# [What this task involves]
What is needed is an exact reproduction of the lines from the one that contains "DSC_1461.JPG" through the end of the data, both included and nothing else, with pictures omitted.

# [Dataset records]

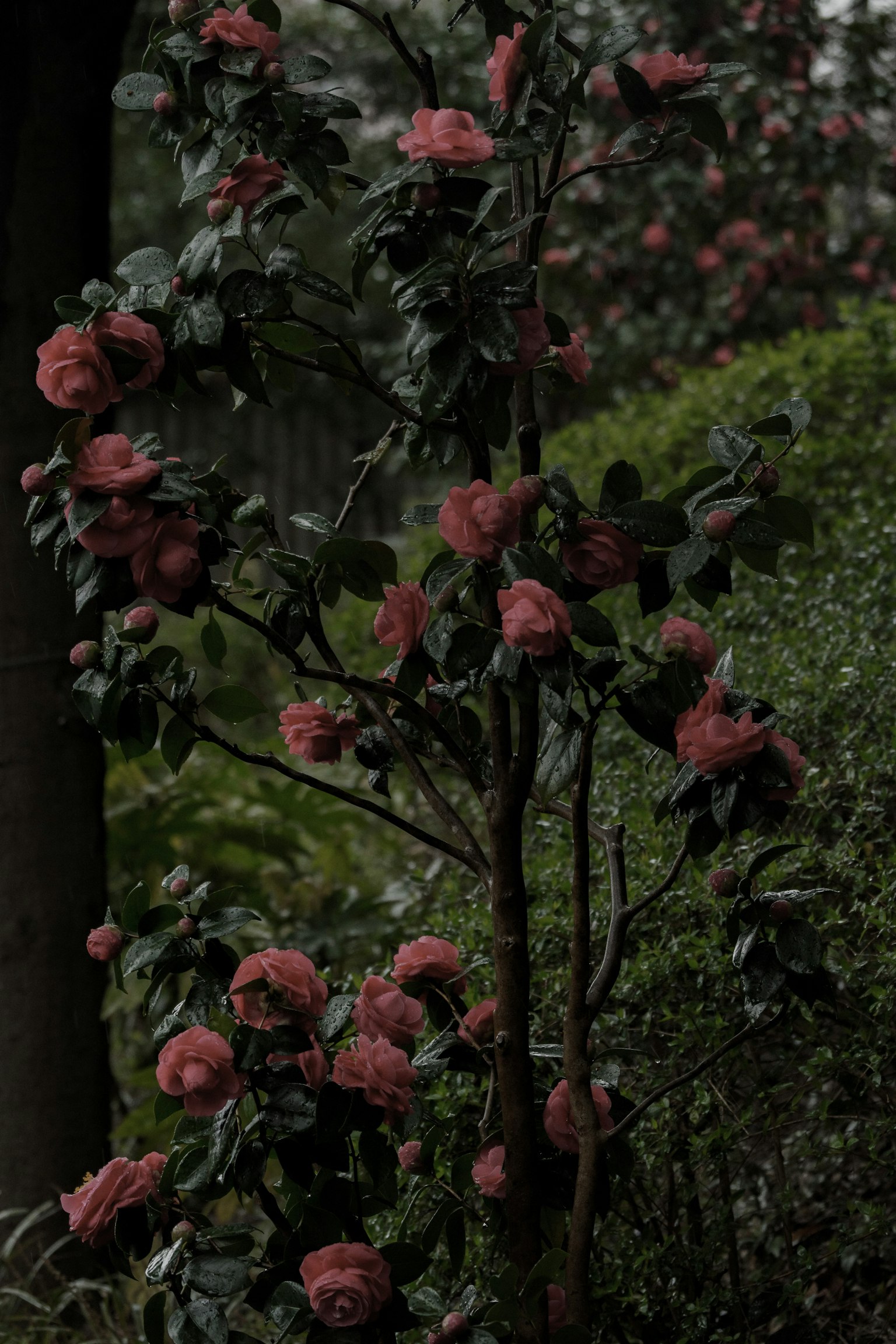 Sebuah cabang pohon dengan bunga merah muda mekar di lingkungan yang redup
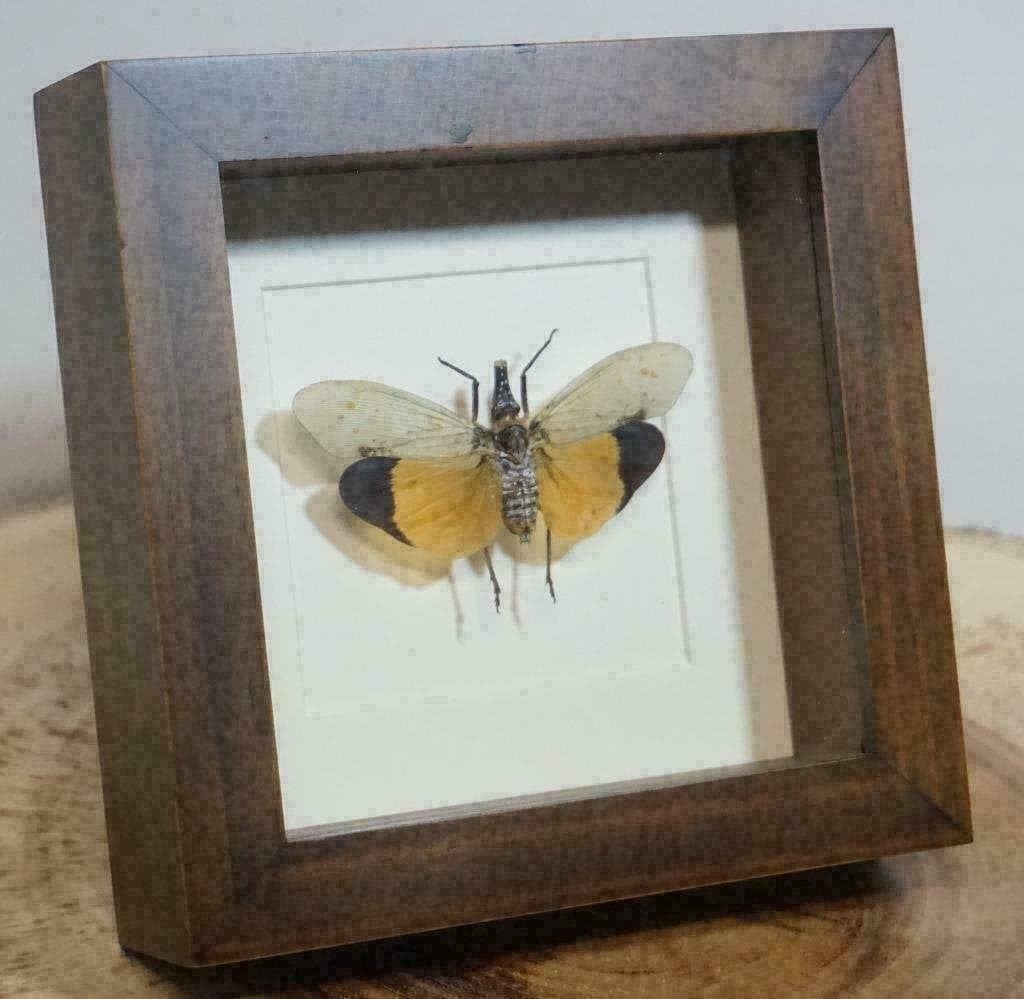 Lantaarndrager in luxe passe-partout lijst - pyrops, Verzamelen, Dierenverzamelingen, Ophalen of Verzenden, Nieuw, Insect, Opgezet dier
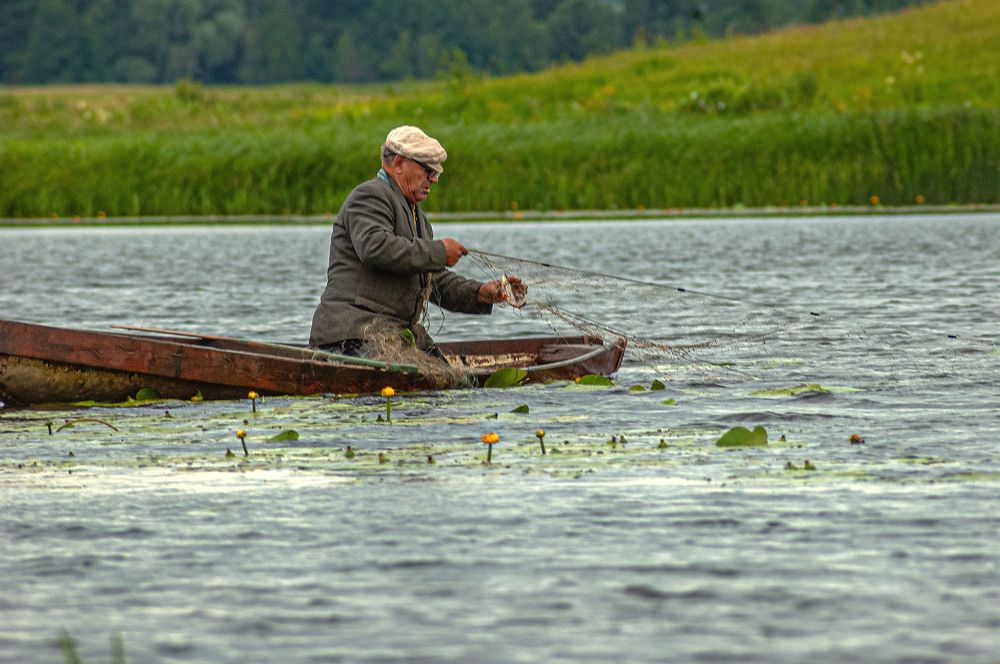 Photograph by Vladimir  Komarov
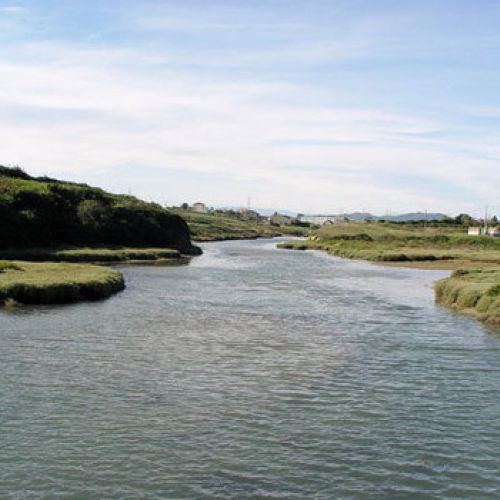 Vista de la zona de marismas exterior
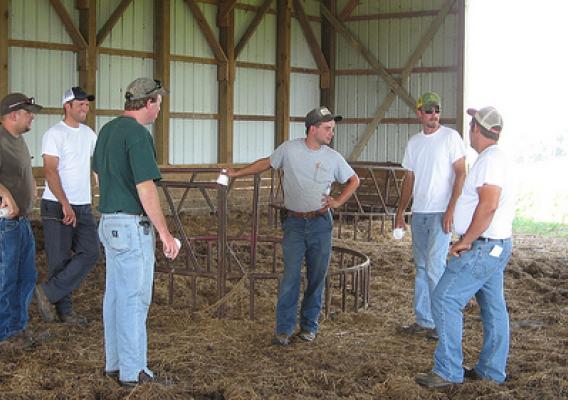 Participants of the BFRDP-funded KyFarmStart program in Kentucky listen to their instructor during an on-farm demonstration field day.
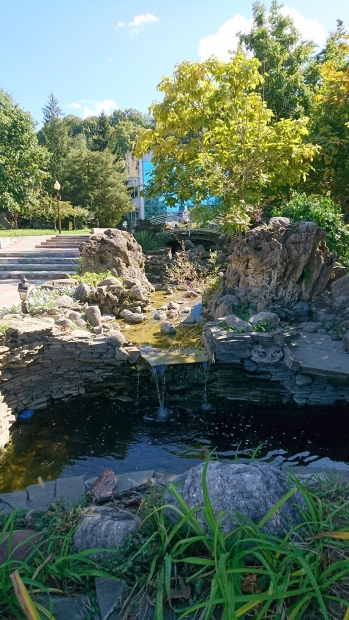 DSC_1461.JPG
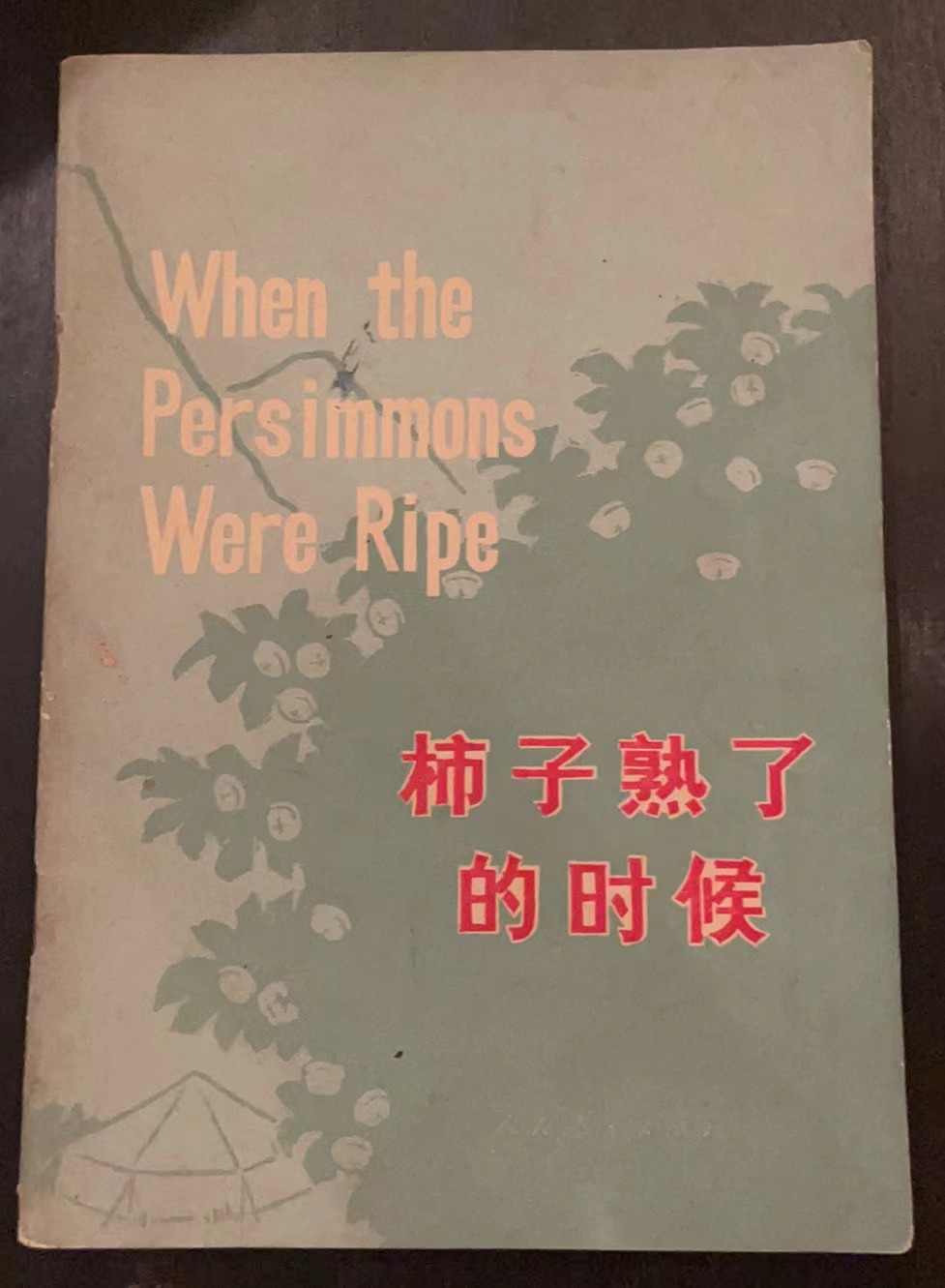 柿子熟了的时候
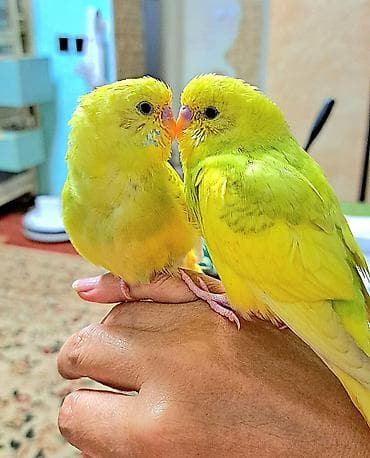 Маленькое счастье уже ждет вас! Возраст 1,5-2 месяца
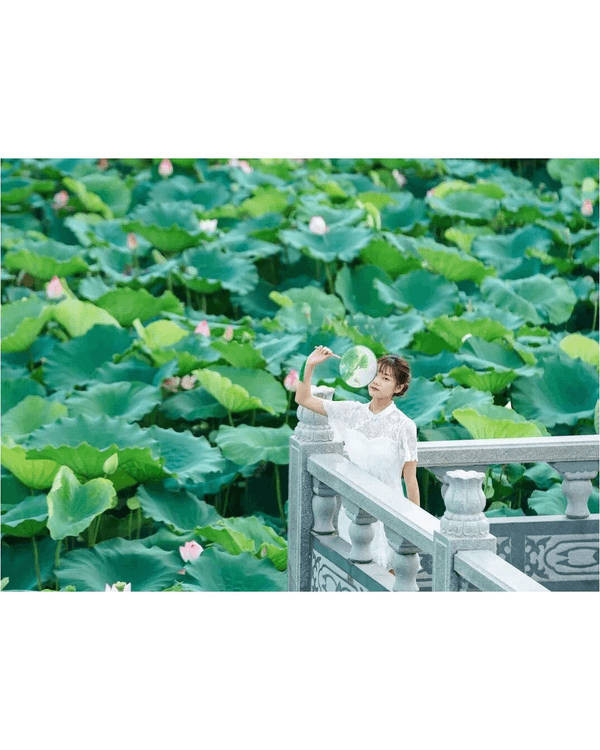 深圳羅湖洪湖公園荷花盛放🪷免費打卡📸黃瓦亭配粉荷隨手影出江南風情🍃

# [Exercise result]
 DSC_1461.JPG
 柿子熟了的时候
 Маленькое счастье уже ждет вас! Возраст 1,5-2 месяца
 深圳羅湖洪湖公園荷花盛放🪷免費打卡📸黃瓦亭配粉荷隨手影出江南風情🍃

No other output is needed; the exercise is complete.